Are you ready to build a generative AI application for your startup? Let’s first review the concepts, core ideas, and common approaches to build generative AI applications.

What are generative AI applications?

Generative AI applications are programs that are based on a type of AI that can create new content and ideas, including conversations, stories, images, videos, code, and music. Like all AI applications, generative AI applications are powered by ML models that are pre-trained on vast amounts of data, and commonly referred to as foundation models (FMs).

An example of a generative AI application is Amazon CodeWhisperer, an AI coding companion that helps developers to build applications faster and more securely by providing whole line and full function code suggestions in your integrated development environment (IDE). CodeWhisperer is trained on billions of lines of code, and can generate code suggestions ranging from snippets to full functions instantly, based on your comments and existing code. Startups can use AWS Activate credits with the CodeWhisperer Professional Tier, or start with the Individual Tier which is free to use.

Figure 1: Amazon CodeWhisperer writes a JavaScript code using comments as the prompt.

The rapidly-developing generative AI landscape

There is rapid growth occurring in generative AI startups, and also within startups building tools to simplify the adoption of generative AI. Tools such as LangChain—an open source framework for developing applications powered by language models—are making generative AI more accessible to a wider range of organizations, which will lead to faster adoption.
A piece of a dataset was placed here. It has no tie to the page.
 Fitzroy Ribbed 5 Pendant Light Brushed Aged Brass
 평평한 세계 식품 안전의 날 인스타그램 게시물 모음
These tools also include prompt engineering, augmenting services (such as embedding tools or vector databases), model monitoring, model quality measurement, guard rails, data annotation, reinforced learning from human feedback (RLHF), and many more.

Figure 2: Components of the generative AI landscape.
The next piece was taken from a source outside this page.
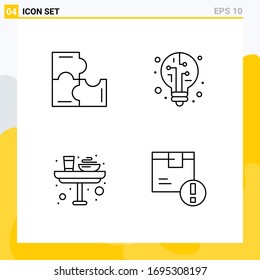 4 Colores planos de vectores temáticos y símbolos editables de la educación; alimentos; piezas de rompecabezas; bulbo; materiales editables de diseño de vectores para almuerzos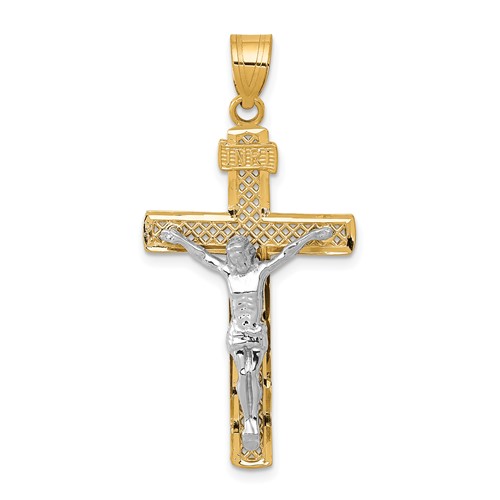 14K Two-tone Diamond-cut Lattice Cross Pendant with Crucifix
An introduction to foundation models

For a generative AI application or tool, at the core is the foundation model. Foundation models are a class of powerful machine learning models that are differentiated by their ability to be pre-trained on vast amounts of data in order to perform a wide range of downstream tasks. These tasks include text generation, summarization, information extraction, Q&A, and/or chatbots. In contrast, traditional ML models are trained to perform a specific task from a data set.

Figure 3: Demonstrates the difference between a traditional ML model and a foundation model.
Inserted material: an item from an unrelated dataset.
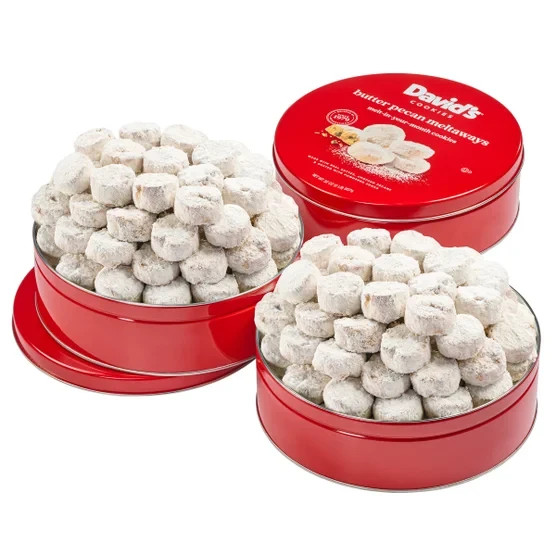 DAVID’S COOKIES BUTTER PECAN MELTAWAYS DAVIDSCOOKIES HOLIDAY GIFTS 3 TINS 6 LBS!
So how does a foundation model “generate” the output that generative AI applications are known for? These capabilities result from learning patterns and relationships that allow the FM to predict the next item or items in a sequence, or generate a new one:

In text-generating models, FMs output the next word, next phrase, or the answer to a question.
For image-generation models, FMs output an image based on the text.
When an image is an input, FMs output the next relevant or upscaled image, animation, or 3D images.

In each case, the model starts with a seed vector derived from a “prompt”: Prompts describe the task the model has to perform. The quality and detail (also known as the “context”) of the prompt determine the quality and relevance of the output.

Figure 4: A user inputs a prompt into a foundation model and it generates a response.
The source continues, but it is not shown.